The Supreme Judicial Court on Tuesday gave Suffolk County prosecutors a choice: They can retry Mario Gonzalez for stabbing his girlfriend to death in 2009 or they can accept reducing his current conviction from first to second-degree murder.

A first-degree murder conviction carries a mandatory sentence of life without parole. A second-degree conviction also carries a life sentence but with the possibility of parole, as early as 15 years after conviction.

At issue is the legal theory under which prosecutors charged Gonzalez with first-degree murder and the judge's instructions to his jury.

Prosecutors did not allege that Gonzalez planned Luz Forty's murder in his Ridgewood Street apartment on Feb. 15, 2009. Instead, they said he deserved to be sent away for life because of the "extreme atrocity or cruelty" in the way he killed her during an argument over his drinking - he stabbed her eight times in the chest and shoulders.

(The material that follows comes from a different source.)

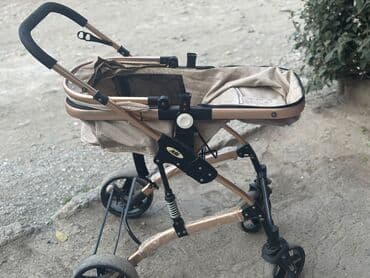 Çıxarılmayan beşikli araba, Cins: Oğlan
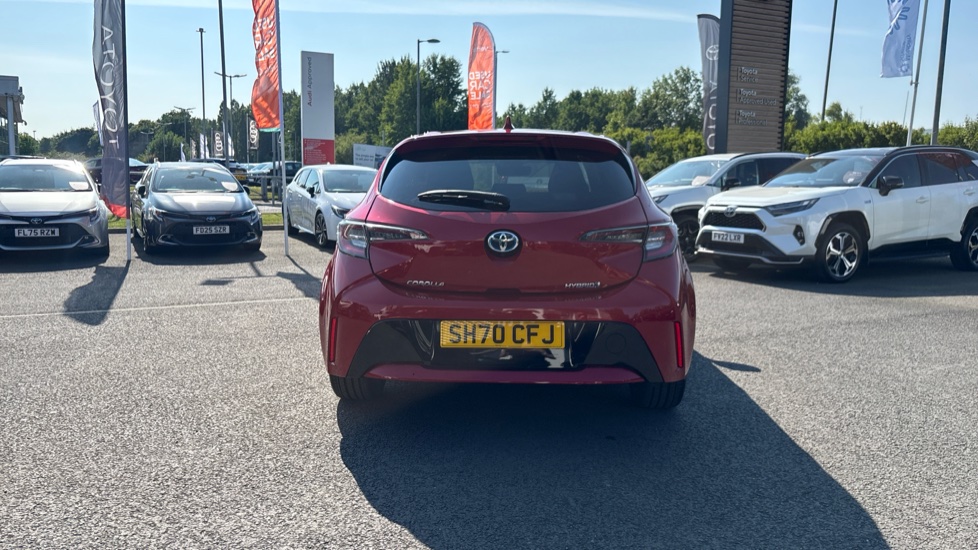 Toyota Corolla 1.8 VVT-i Hybrid Design 5dr CVT Hybrid Hatchback - Image 26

The problem, the state's highest court ruled, was that:

"The judge did not instruct the jury that they could consider any credible evidence of the defendant's consumption of alcohol in determining whether the defendant committed the killing with extreme atrocity or cruelty, an instruction that in substance is required where there is evidence that the defendant was under the influence of alcohol at the time of the killing. ...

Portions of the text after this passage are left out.